Despite all the strides he had made and despite becoming the clear face of the Raptors’ franchise, he never really pursued a vocal leadership role and the team never really pushed him to assume it. It became a moot point as the team’s fortunes started trending downward. Nurse was fired after Toronto lost in the play-in round in 2023. Siakam’s contract was up after the 2023-24 season, but extension discussions didn’t go anywhere and it became clear the Raptors were looking to go in another direction.

‘Your leadership is needed’

When Siakam was traded to the Pacers for guard Bruce Brown, forward Jordan Nwora and three first-round draft picks, the team was on a West Coast road trip. Before he joined them in Portland for his first game in a Pacers uniform, he spent a day in Indianapolis with the executives in the front office including president of basketball operations Kevin Pritchard and general manager Chad Buchanan. In their conversations they gave him a sense of how they expected he’d fit in what at the time was the top scoring offense in the NBA and what he could do to help their struggling defense.

But they also told him something he hadn’t heard before: They needed his voice and that his teammates would not only accept it but seek it out. In Toronto, he had been around a whole team of people who had contributed to the 2019 title and they didn’t need him to tell them what it took to get there. In Carlisle the Pacers had a head coach with a championship ring he won in Dallas, but no one on the roster knew what that was like.

“From the time I came here, it was like, ‘Your leadership is needed,'” Siakam said. “And it comes from a different place because it’s one thing when somebody sees you grow and they knew you since you were a little kid and you’ve achieved things, but it’s hard for people to see you in a different light. Then you come to a whole different situation. They see you as a champion. They see you as a vet as someone who’s accomplished a lot of things. Your vision and your input on things is received in a different way. It’s just natural. It’s not even trying to do that. I felt like here it was received in a way that just felt natural and was encouraged by the coach and everyone.”

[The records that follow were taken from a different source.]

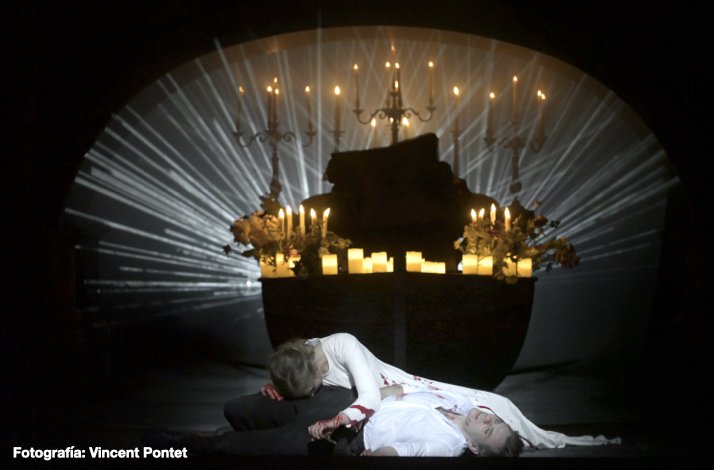 Romeo and Juliette lie in a final, blood-stained embrace on a dark stage. Photo by Vincent Pontet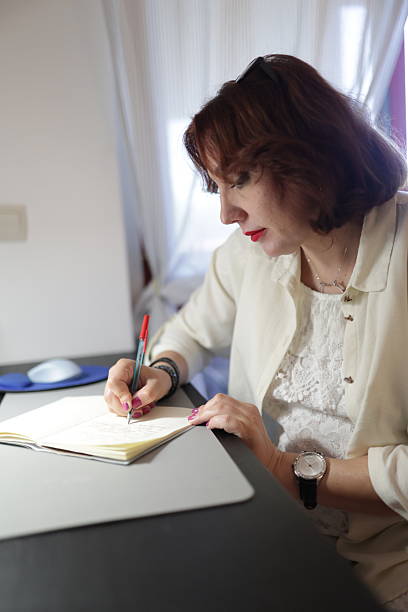 istock Businesswoman writing notes in notebook at office desk 2222277165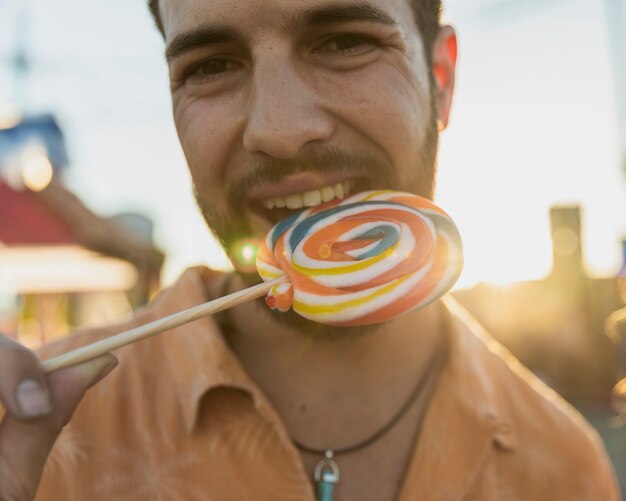 Close-up knappe kerel met kleurrijke lolly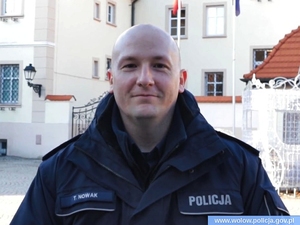 policjant w mundurze na tle budynków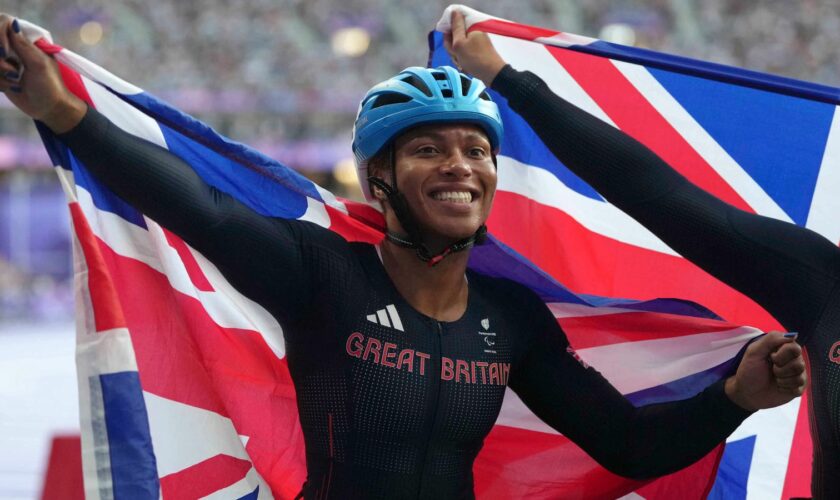 Kare Adenegan of Great Britain celebrates winning silver in Women's 100m - T34 Final. Pic: AP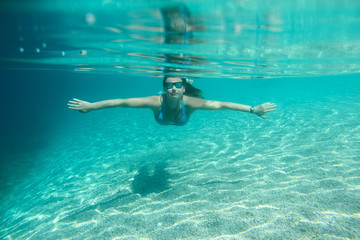 Fototapeta na wymiar Woman diving swimming underwater view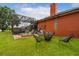 Beautiful backyard with screened-in pool, fire pit, and lush green lawn, ideal for outdoor entertaining at 5306 Crane Hill Ct, St Cloud, FL 34771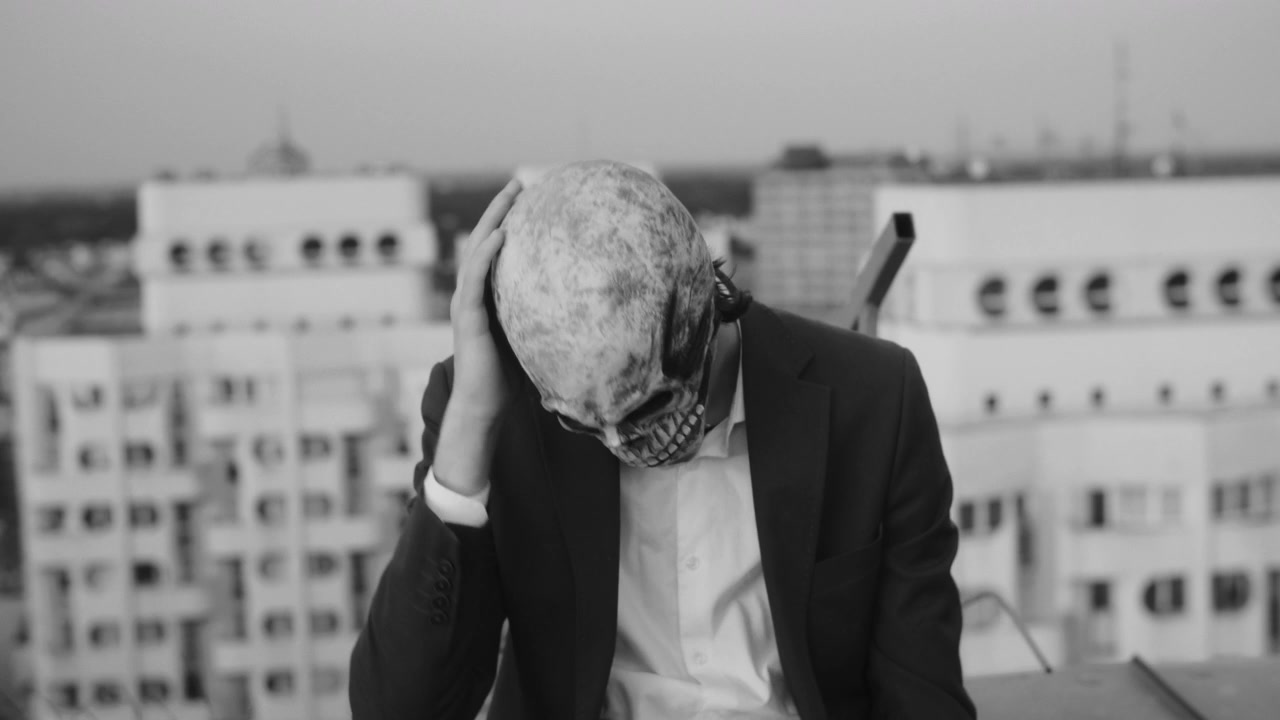 Person in Skull Mask Showing Distress on Rooftop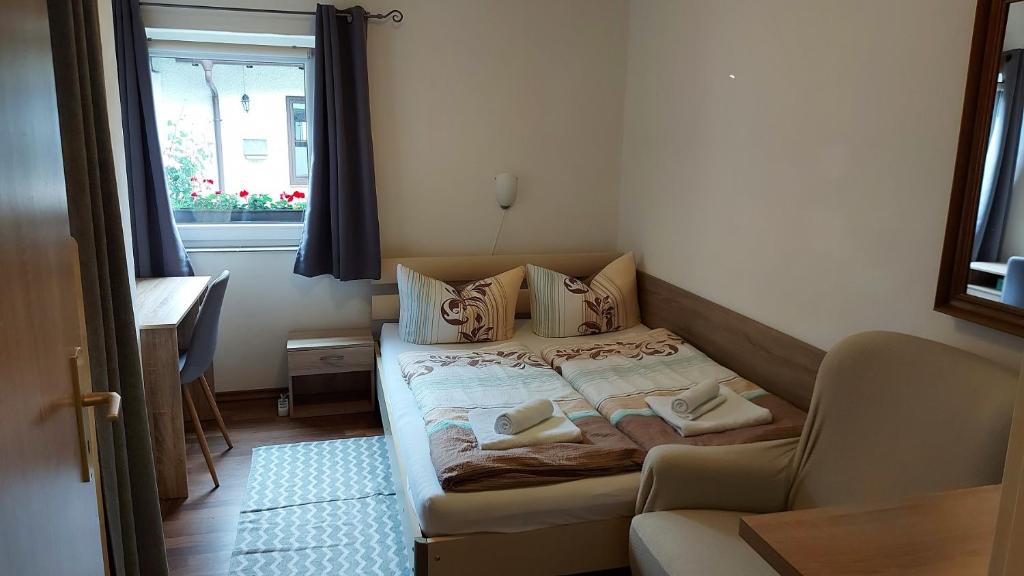 Postel nebo postele na pokoji v ubytování Pension Rauschberghof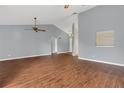 Spacious living room featuring hardwood flooring, ceiling fans and a large open space at 9833 Tattersall Ave, Orlando, FL 32817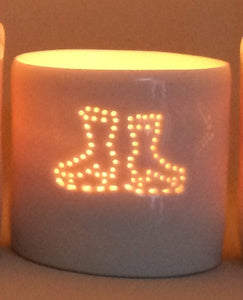 Ice skating, this ceramic porcelain tealight candle holder is a wintery treat. Homeware, Christmas and decoration.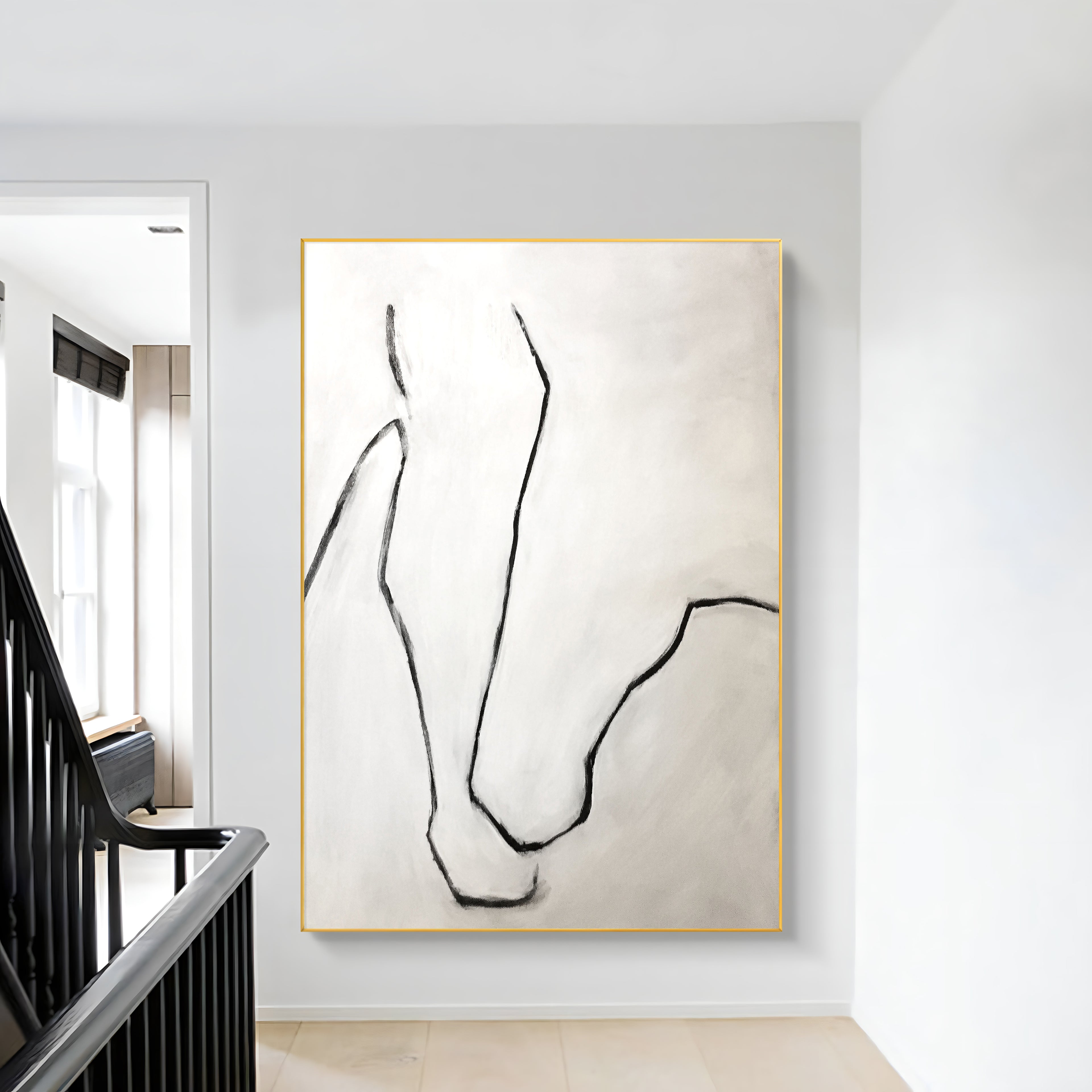 a painting hanging on a wall next to a staircase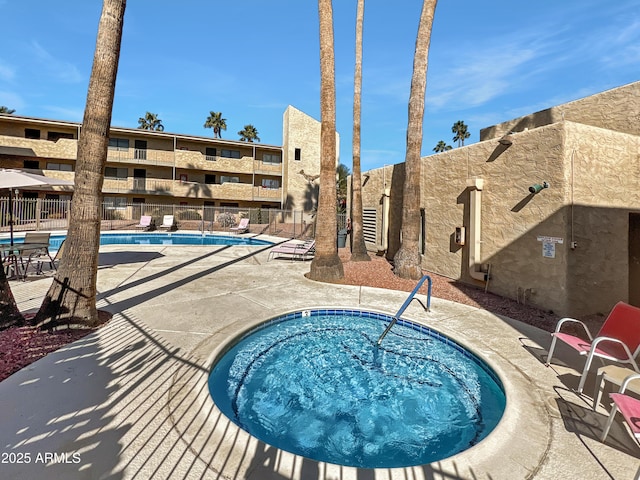 view of swimming pool featuring a community hot tub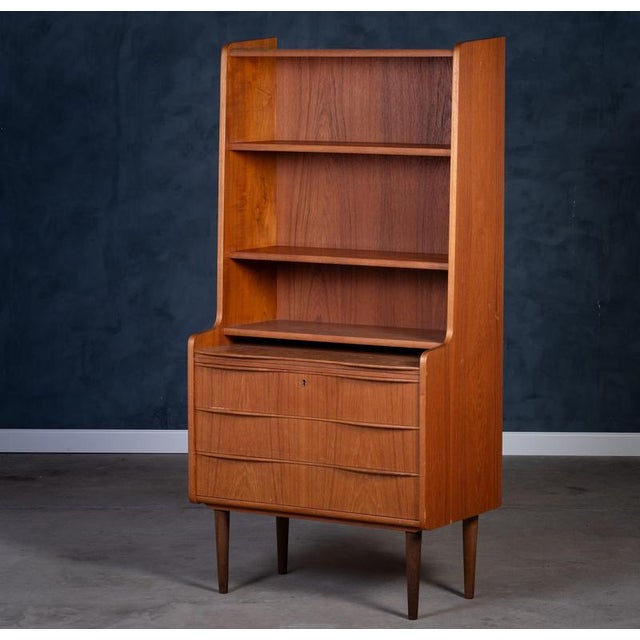 Beautiful Danish bookcase from the 1960s crafted in warm teak wood. Features three spacious drawers with elegant handles...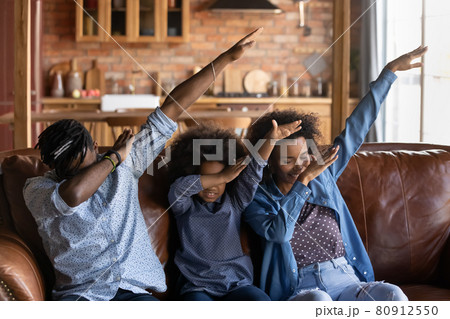 Smiling biracial parents with daughter dab dance 80912550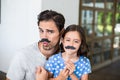 Portrait of father and daughter with artificial mustache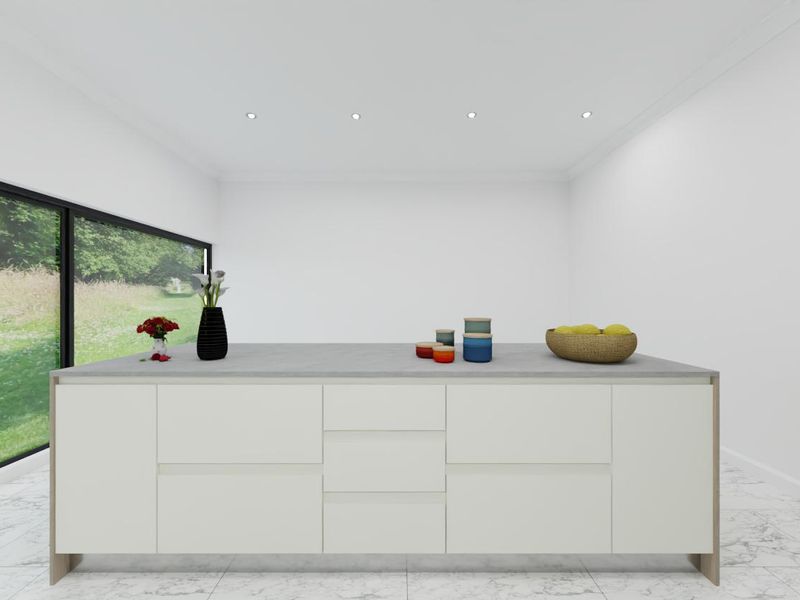 A modern kitchen island featuring a stone countertop, set against a large sliding glass door with views of the garden.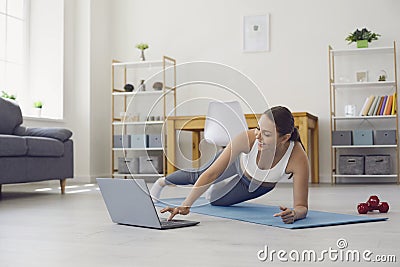 Online home fitness. Woman with laptop training to web video tutorial. Personal trainer giving yoga class via internet Stock Photo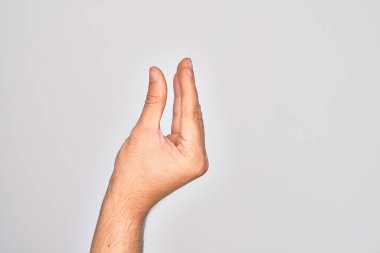 İzole edilmiş beyaz arka plan üzerinde parmaklarını gösteren beyaz bir adamın eli. Görünmez bir şeyi alıp, parmaklarıyla uzayı gösteren bir nesneyi tutuyor.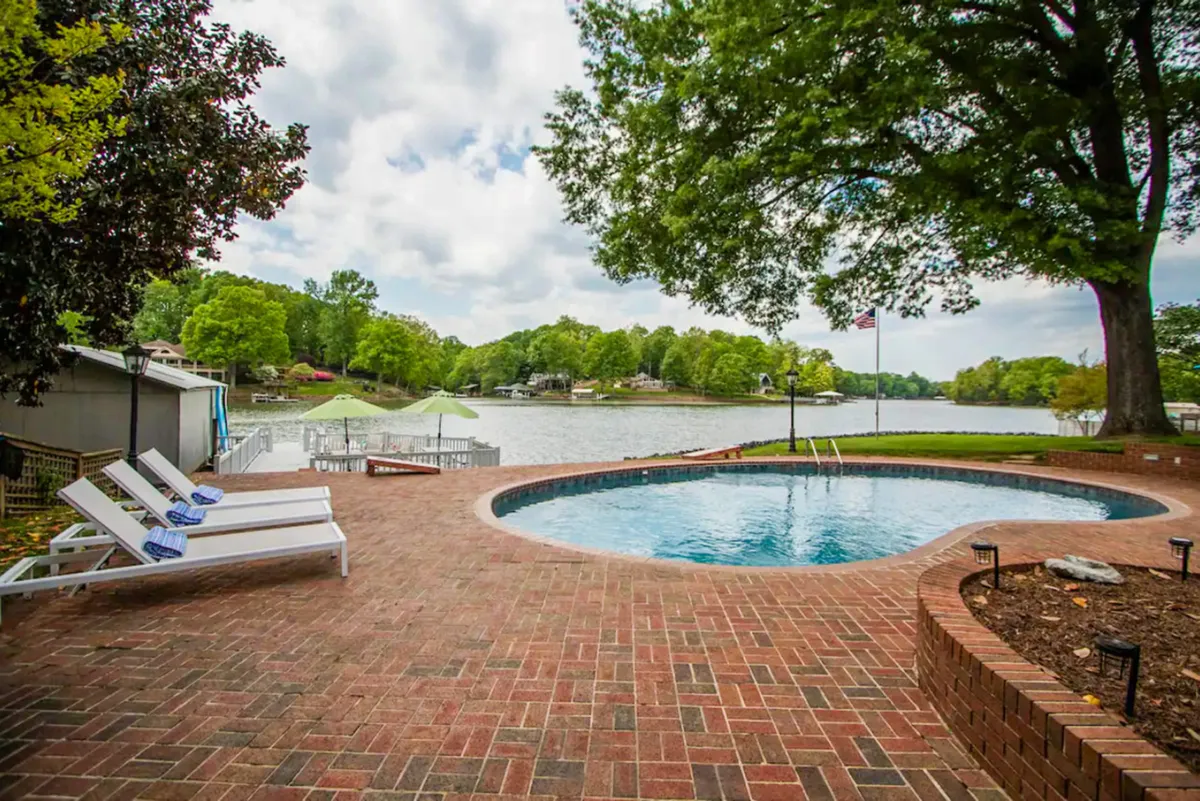 This image beautifully captures a serene lakeside pool setting framed by lush greenery and a spacious patio area. The tranquil water reflects the surrounding trees, and the scene exudes an atmosphere of leisure and exclusivity, perfect for both sunbathing and relaxed gatherings by the water.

Finding a comfort level with that was still a process for Siakam in his first half-season as he still had to get to know his teammates to get an idea what would resonate with him. But his overarching message was to stay together and not get too caught up in the ups and downs of a season. Nurse always told the Raptors to keep their minds on being the best team they could be in April, May and June, and Siakam told the Pacers to do the same.

When the Pacers finally got in to the playoffs after a three-year drought, Siakam was the one who steadied the ship after they were blasted in Game 1 of the first round by the Bucks. He scored 36 points in that loss and then 37 points in a Game 2 win to turn the series around and he ended up leading the Pacers in playoff scoring 21.6 points per game.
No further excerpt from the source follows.